The European Green Deal resets the Commission’s commitment to tackling climate and environmental-related challenges. The Commission notes the planet is warming and the climate is changing with each passing year. The European Green Deal is formulated as a response to these challenges.
It is a new growth strategy that aims to transform the EU into a fair and prosperous society, with a modern, resource-efficient and competitive economy where there are no net emissions of greenhouse gases in 2050 and where economic growth is decoupled from resource use.
The European Green Deal covers all sectors of the economy, notably transport, energy, agriculture, buildings, and industries such as steel, cement, ICT, textiles and chemicals.
With regard to emissions, a 90% reduction in transport emissions is needed by 2050 to achieve climate neutrality and all transport modes including inland shipping will have to contribute to the reduction. Fossil-fuel subsidies should end. As a matter of priority, a substantial part of the 75% of inland freight carried today by road should shift onto rail and inland waterways.
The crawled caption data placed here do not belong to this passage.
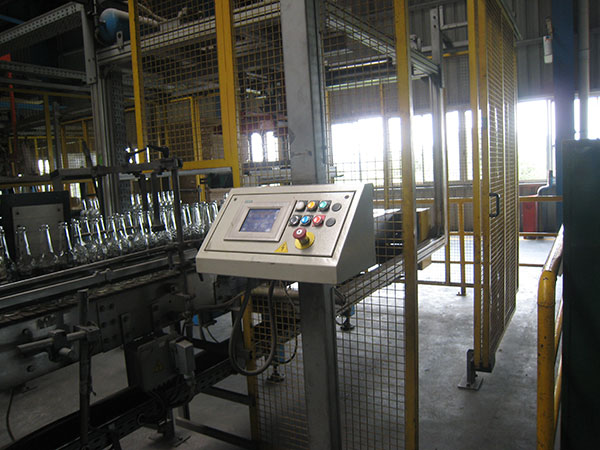 bottling equipment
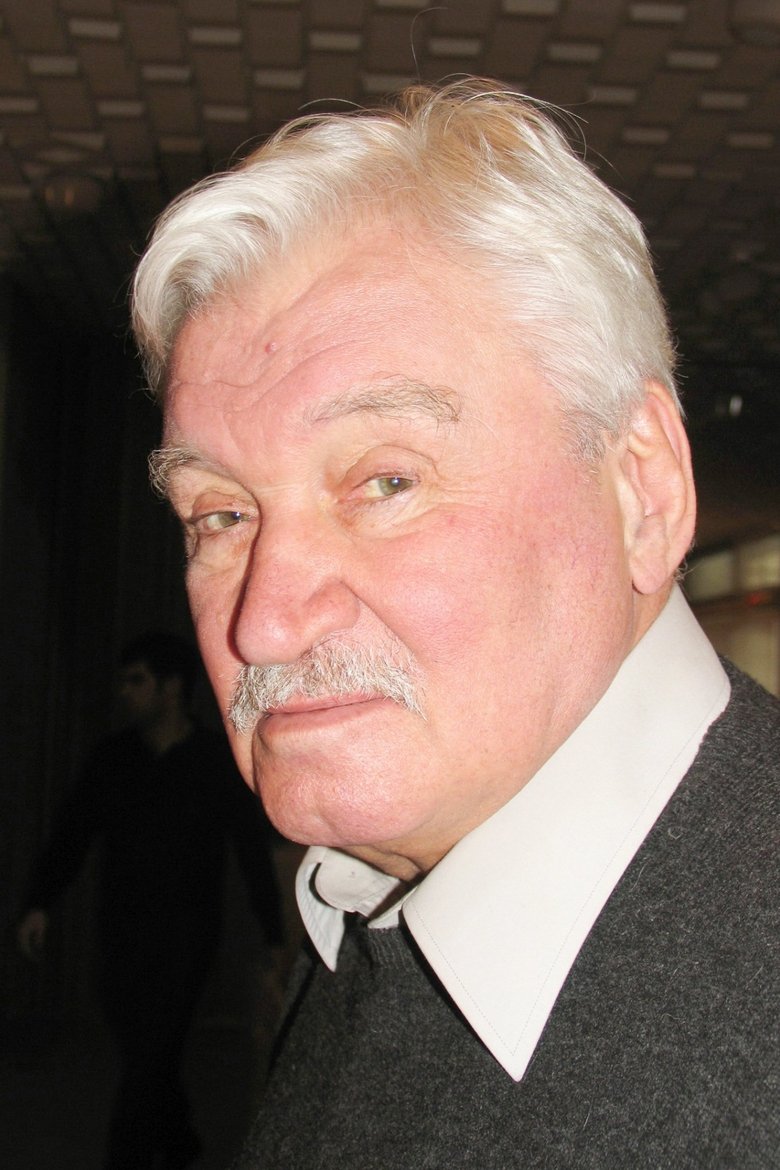 Portrait of Igor Maslennikov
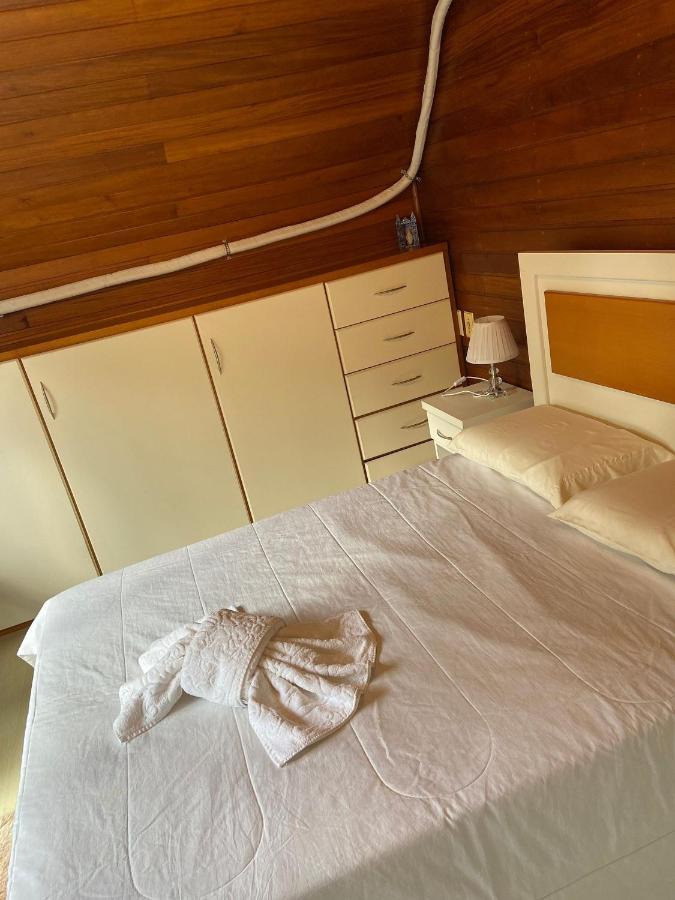 Apartamento Duplex De Gramado By Cia Da Temporada Eksteriør bilde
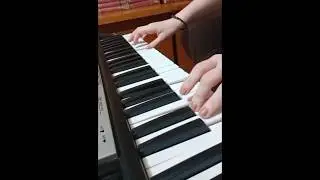 Andrei Leonte - A few people | Piano cover #shorts #andreileonte #afewpeople #pianocover #music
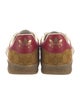 Gucci x Adidas Gucci x Adidas GG Canvas Gazelle Sneakers Sneakers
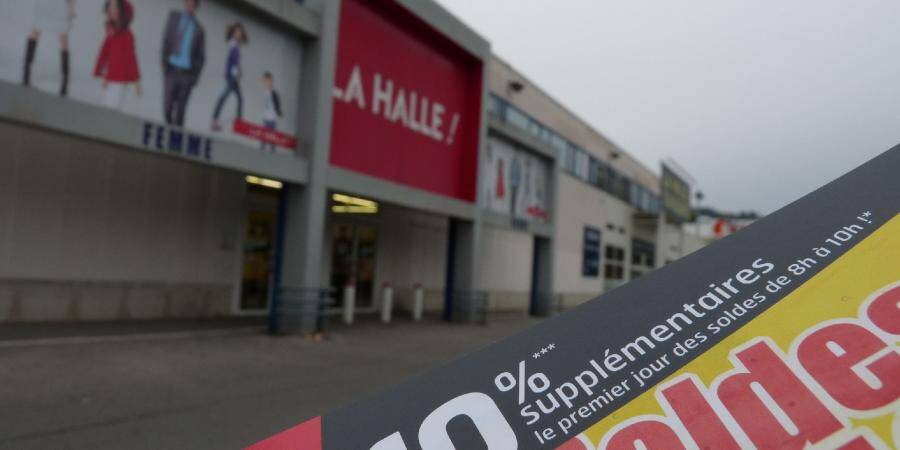 La halle best sale aux vetements grasse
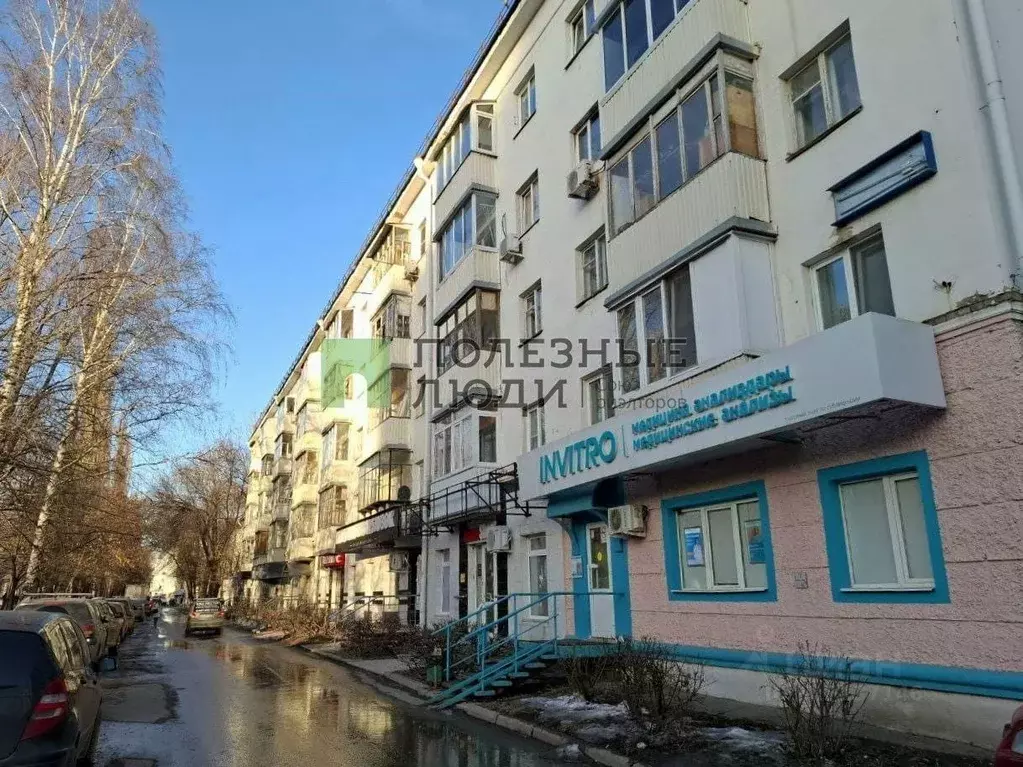 2-к кв. Башкортостан, Уфа просп. Октября, 48 (44.2 м) - Фото 0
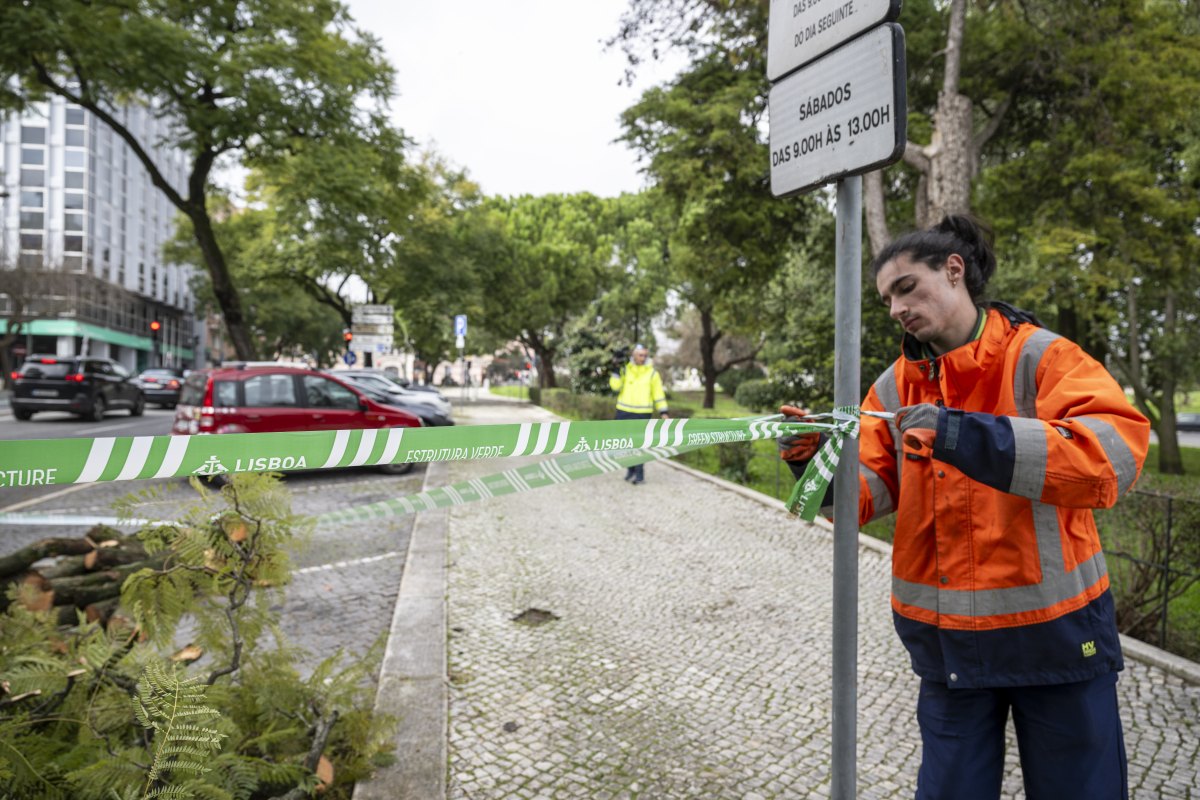 Livre propõe distribuir kits’ de emergência em Lisboa e Moedas diz que já distribuiu mais de dois mil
As planned further measures, the Commission will
- propose a Climate Law in March 2020
- adopt a strategy on climate change adaptation in 2020 or 2021
- adopt a strategy for sustainable and smart mobility in 2020
- propose by 2021 measures to manage better, and to increase the capacity of railways and inland waterways
- also review the Alternative Fuels Infrastructure Directive and the TEN-T Regulation to accelerate the deployment of zero- and low-emission vehicles and vessels
Meeting the objectives of the European Green Deal will require significant investment. Achieving the current 2030 climate and energy targets is estimated to require €260 billion of additional annual investment, representing about 1.5% of 2018 GDP. This investment will need the mobilisation of the public and private sectors. The Commission will present in early 2020 a Sustainable Europe Investment Plan to help meet investment needs.